WTF are you doing? Falling over is what... |
Here is what I saw: Marquez was making a point of staying close to Rossi. They stayed within inches of each other lap after lap on two completely different machines, one of which was a quarter second quicker per lap and 7km/hr faster in qualifying. Marc says he was managing tires, but Dani Pedrosa, on an identical bike with identical tires was half a mile up the road riding away to the race win. Marc's demonic Bridgestones that suddenly go off when he's in front of Rossi and come back to him when he's behind seem like what they are: an excuse. Pedrosa's identical tires on an identical bike weren't so cursed.

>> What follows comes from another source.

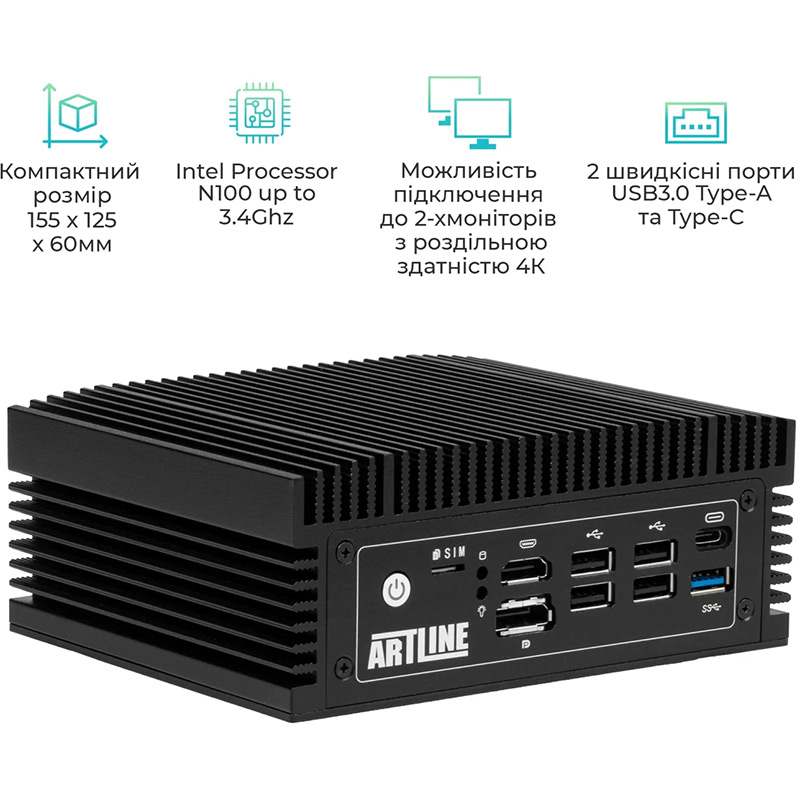 Неттоп ARTLINE Business B14 Windows 11 Pro (B14v26Win) Тип пам'яті DDR4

Data is where the answer to this would be found. These bikes are wired to the nines with sensors and record everything. A detailed analysis of Marquez's laps will show whether he was delaying inputs to stay with Rossi, but I don't imagine Honda will be forthcoming with that information.
When Rossi ran wide after sitting up and coming off the gas (he was 4 seconds slower on the lap the incident happened), Marquez stayed right next to him, coming off the gas at the same time. On the slow motion video below you can see him angle in to be right next to Rossi even though he'd obviously missed the corner. Provoking an incident is what Marquez was trying to do. At any point when Rossi sat up and slowed down Marquez could have ridden around the outside of him or slowed down and cut under him, but passing wasn't what he was looking for.

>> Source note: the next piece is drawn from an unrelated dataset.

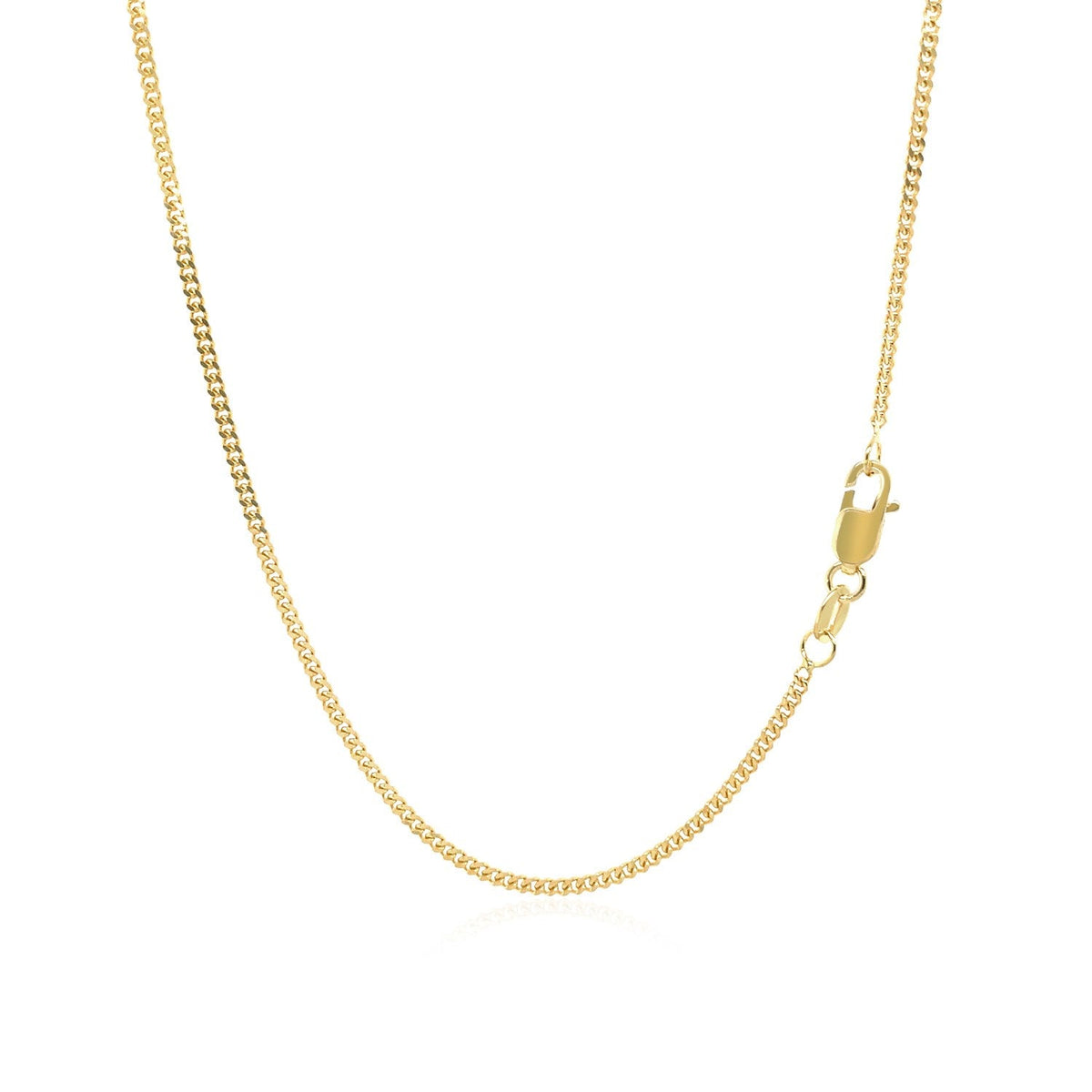 14k Yellow Gold Gourmette Chain 1.5mm - LinkagejewelrydesignLinkagejewelrydesign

I'm in a difficult situation with this. I haven't been watching MotoGP for very long. My first full season was Marc's near perfect one, and I'm a fan, but this kind of riding isn't worthy of him. I'm not paying to see him playing mind games with people. If I wanted to see that I'd watch politicians. I'm paying to see him ride the fucking motorbike like no one else can.

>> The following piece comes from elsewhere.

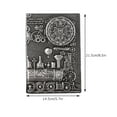 thumbnail image 5 of Wovilon Leather Writing Journal Vintage Notebook (Silver), Embossed Train Daily Notepad Diary With Lined Page, Cool Journal Gift For Women Men To Write In, 5 of 7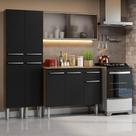 Armário de Cozinha Compacta 169cm Rustic/Preto Emilly Madesa 10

At 0.25 seconds a lap, Marquez should have been seconds ahead of Rossi by lap 7. His 7 km/hr straight line speed should have had them no where near each other in the last part of the track. |
Marquez is playing a game that goes well beyond Rossi. There is no one in MotoGP who would be angrier with the idea that Marquez handed him the title than Jorge Lorenzo. Rossi only has a season or two left in him, but Lorenzo could be racing well into Marquez' career, Lorenzo is an ongoing threat to Marquez. Conspiracy theory makes this look like Rossi is the target, but he's a bit player in a longer game. Marquez is playing on nationalism (both he and Lorenzo are Spanish) while diminishing Jorge's championship. Jorge Lorenzo, 2015 world champion (thanks to Marquez) is going to piss off Jorge to no end. Lorenzo doesn't just not know of any 'Spanish plan' to derail the legendary Italian's chance at a tenth world title, he'd be actively against it.
If you've got a kid antagonizing another kid in the playground, and the kid being antagonized suddenly lashes out, you don't just penalize the retaliator. The kid doing the antagonizing is playing silly buggers and getting a smack in the face is what he can expect. The antagonized kid should have just walked away, but sometimes that isn't possible, especially when emotions are heightened. Running to race direction the moment he went down after dogging Rossi for lap after lap makes Marquez look like whiner. I'd have had much more respect if he'd taken it on the chin and then laughed instead of seeking legal advice.
Actually, I'd have liked to have seen Rossi wave Marquez by and let him get a couple of seconds ahead. I imagine Marquez would suddenly have had brake/tire problems again and they would have been side by side once more a few laps later, only making the whole thing look even more obvious; Marquez was committed to an entanglement with Rossi. That Rossi got played is bothersome. That Marquez, after playing silly buggers, then rushes into the pit to lodge a formal complaint is worthy of a thick ear. If you're going to antagonize someone, expect some beats... or, you know, just ride the damn bikes!